In defining performance metrics, our Talentology team works with company leaders and employees to understand the unique needs of the business, balanced by externally facing benchmarking of what is working well (or not) in the industry. We look at the technical skills needed to competitively perform the task at hand, as well as the soft skills that will help your company grow in the future. We work to understand what motivation looks like in your organization, and the unique elements of your culture that should be measured and incentivized.

If performance management does not evolve alongside skill and behavior requirements, you risk falling foul of Kerr’s Folly1 – rewarding for A while hoping for B. For example, if you are asking your support teams to be more customer-centric, you cannot have a performance management process that only measures – and hence incentivizes – efficiency. Support teams should instead be incentivized to resolve issues and create positive customer impacts, not focus merely on a speedier resolution. If you are looking for teams that can adapt to changing technology, learning agility, creativity and intellectual curiosity should be rewarded in addition to technical proficiency. 

This is especially important since, given careers no longer only go ‘up the corporate ladder’, career development frameworks need to reflect this new reality. Remember the Wonkavator in Willy Wonka & The Chocolate Factory? “Elevators only go up – the Wonkavator goes up, down, sideways and every other which way you can think of going”. Similarly, in addition to upwards progress employees are looking for lateral or diagonal movements that enhance the depth and breadth of their experience, and for new roles that may not be feature in a traditional ‘school job fair day’.

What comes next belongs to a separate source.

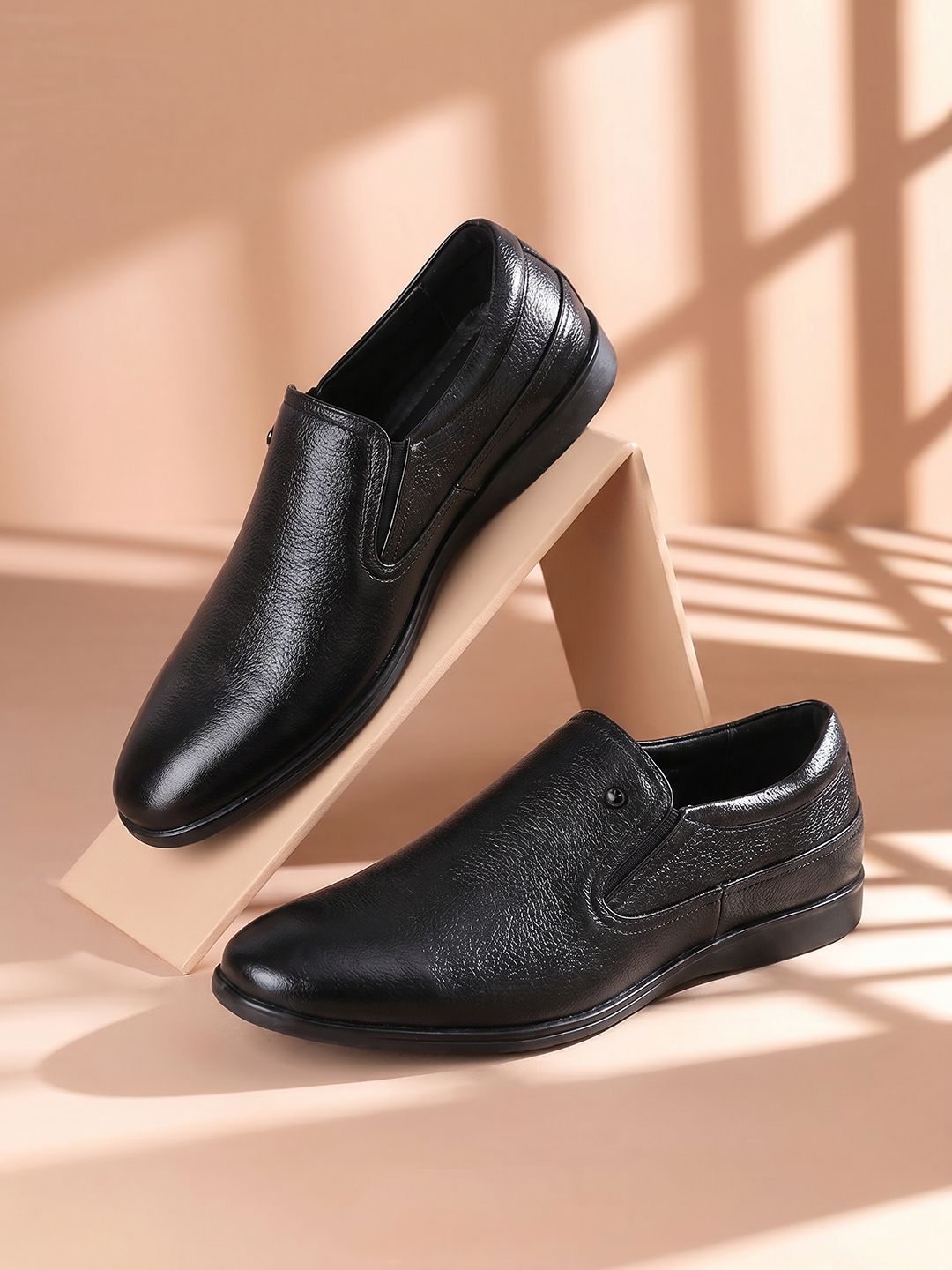 Van Heusen Van Heusen Men Leather Round Toe Slip On Formal Shoes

Your performance framework should offer sufficient guidance so that employees understand how to meet and exceed expectations, but not be so prescriptive that it limits a more personalized meaningful career path for team members. To this end, we take a top-down, bottom-up, outside-in, and inside-out approach to co-design your talent and culture strategy.

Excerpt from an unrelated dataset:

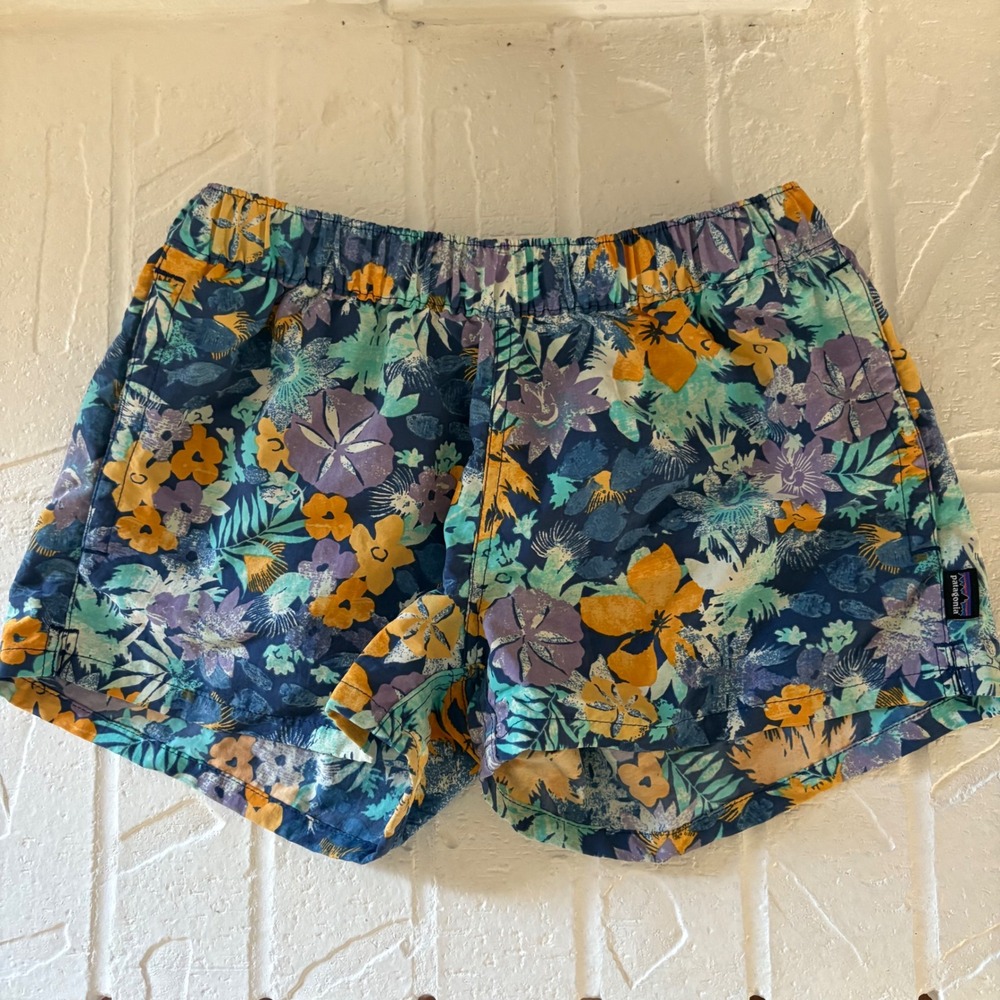 Floral Tropical Print Women's Shorts - Navy & Yellow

As you focus on maintaining a competitive advantage when hiring or drawing up retention plans, keep in mind those individuals whose learning agility and intellectual curiosity will allow them to keep up with your organization’s change trajectory. From there, it becomes a matter of figuring out how you can best reward and incentivize those soft skills and behaviors with a view to enhancing creativity – and the value placed upon it – within your workforce.